Prenons les ruines de la cité antique de Patara. Elles se distinguent des autres sites classés au patrimoine mondial de l’Unesco de la rive méditerranéenne de la Turquie par le caractère visible sinon ostentatoire de sa restauration. Les pierres ont été nettoyées, les matériaux manquants comblés, des plaques de verre et des éclairages disposés sur le sol de sorte que les monuments politiques de la cité se voient à distance. Pour les touristes, le contraste est saisissant. En s’approchant du Bouleuterion, l’étroit amphithéâtre dans lequel les affaires de la cité étaient débattues, on ne peut pas manquer cette plaque en métal fixée sur une stèle de marbre blanc. On y lit, en turc puis en anglais, qu’entre 2008 et 2011, la grande Assemblée nationale de Turquie a financé la restauration de cet édifice.
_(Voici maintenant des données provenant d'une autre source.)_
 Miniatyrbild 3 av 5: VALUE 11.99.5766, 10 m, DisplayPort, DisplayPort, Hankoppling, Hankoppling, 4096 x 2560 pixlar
Ainsi au moment où la République turque multipliait les réformes législatives et les initiatives diplomatiques pour étayer sa candidature à l’entrée dans l’Union européenne, elle menait aussi, à même la pierre, un travail d’interprétation convoquant une civilisation antique perçue comme étant le berceau de la démocratie européenne. Ce faisant, elle procédait à un étirement du temps, par delà les héritages romains et ottomans.
Or, en 2024, pour les touristes que nous sommes, ce sens du passé démocratique par la sélection d’un certain patrimoine historique s’actualise dans un contexte très différent. Depuis la réforme constitutionnelle de 2017, le Président dispose d’un droit de veto sur l’activité parlementaire, qui a réduit la Grande assemblée à une chambre d’enregistrement, en matière de patrimoine, l’édifice autrefois laïcisé de la basilique Sainte Sophie a été rendu au culte musulman en 2020 et la République n’a plus aucunement l’ambition de rejoindre l’Union européenne, elle se présente désormais comme le chef de file des pays musulmans dans les négociations internationales. La lecture d’inspiration phénoménologique de cette stèle nous rappelle donc que des entités politiques apparemment abstraites et stables (l’État, la démocratie ou l’histoire) ont une matérialité, qui se déchiffre à même les objets et témoigne des enchevêtrements de temporalité.